▶ ACTIVITY:
The answer should hold only the lines from the beginning of the material through the one with "Pandantiv Aur 14K Z0354 Rodolit 0.50ct", reproduced exactly and without pictures.

▶ DATA FOR THIS TASK:
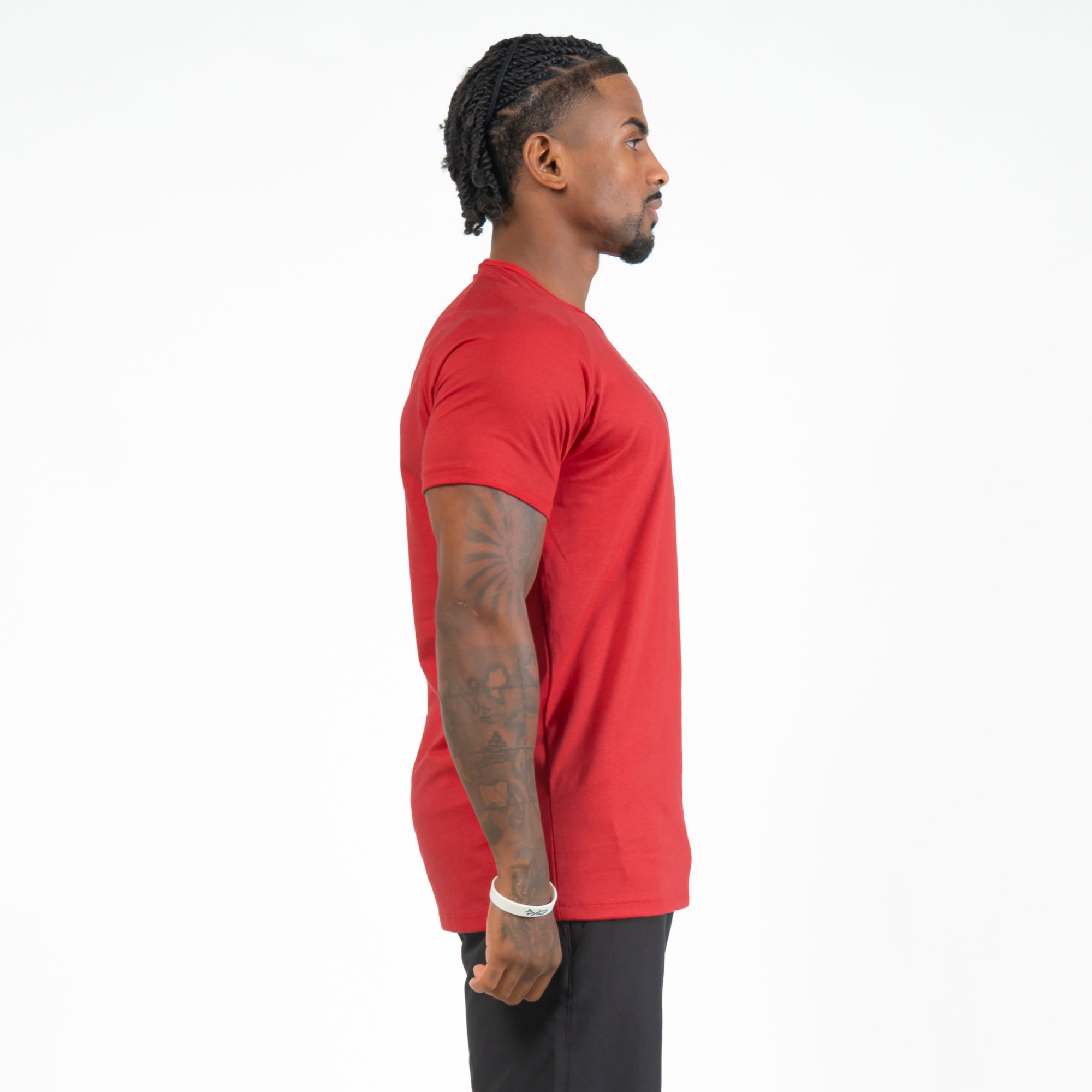 Camiseta Algodão New Horizon Vermelho Carmim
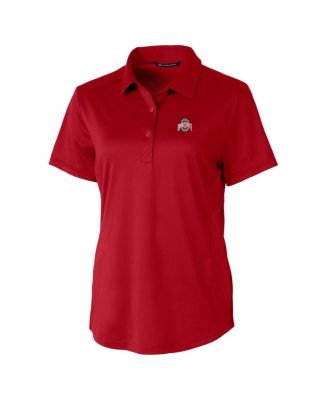 Women's Ohio State Buckeyes Prospect Textured Stretch Polo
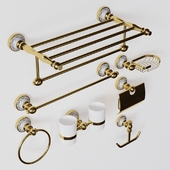 Gold Bathroom Accessories Set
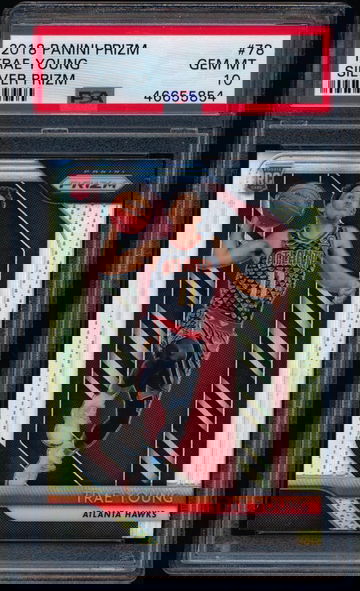 Trae Young 2018 Prizm Silver RC PSA 10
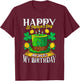 Born On St. Patricks Day Birthday St Patricks Day T-Shirt - T-Shirt | Maroon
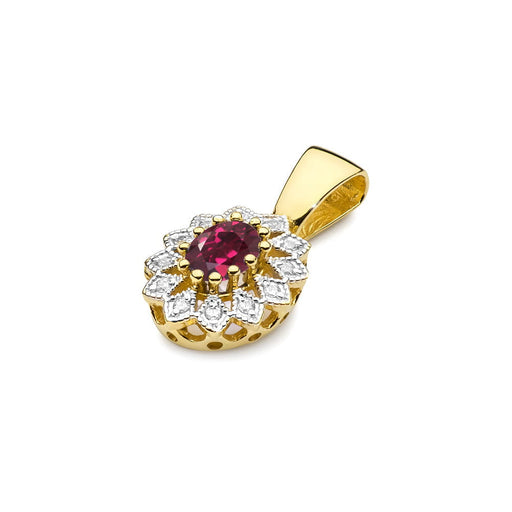 Pandantiv Aur 14K Z0354 Rodolit 0.50ct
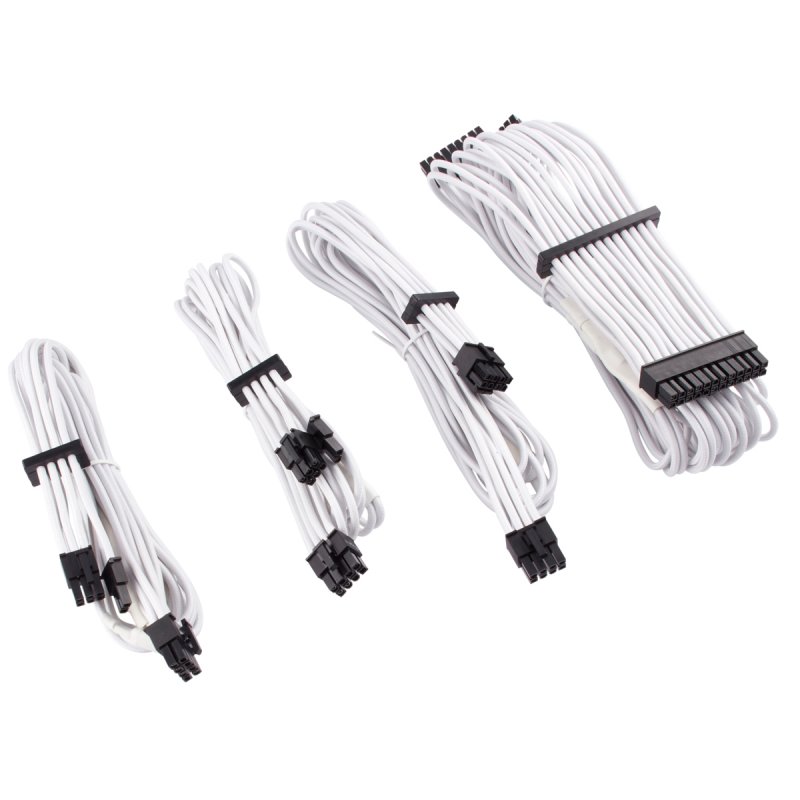 Corsair compatible Premium Sleeved Kabel-Set (Gen 4) - weiß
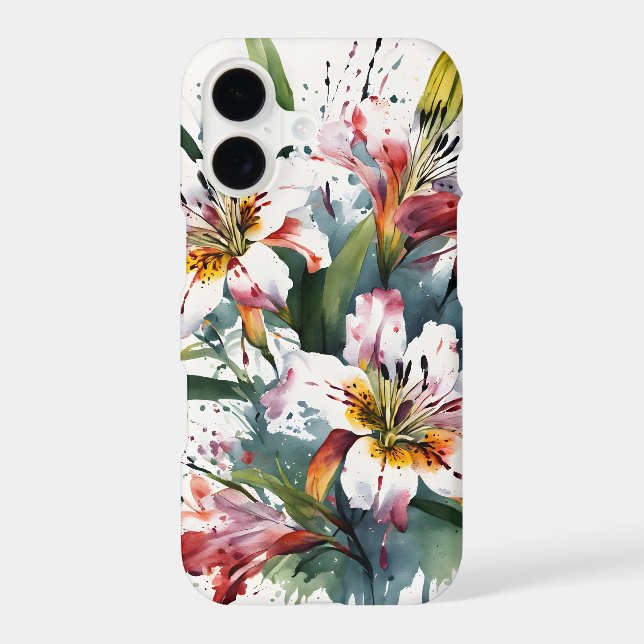 Alstroemeria - Watercolor flowers (Back)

▶ EXERCISE SOLUTION:
 Camiseta Algodão New Horizon Vermelho Carmim
 Women's Ohio State Buckeyes Prospect Textured Stretch Polo
 Gold Bathroom Accessories Set
 Trae Young 2018 Prizm Silver RC PSA 10
 Born On St. Patricks Day Birthday St Patricks Day T-Shirt - T-Shirt | Maroon
 Pandantiv Aur 14K Z0354 Rodolit 0.50ct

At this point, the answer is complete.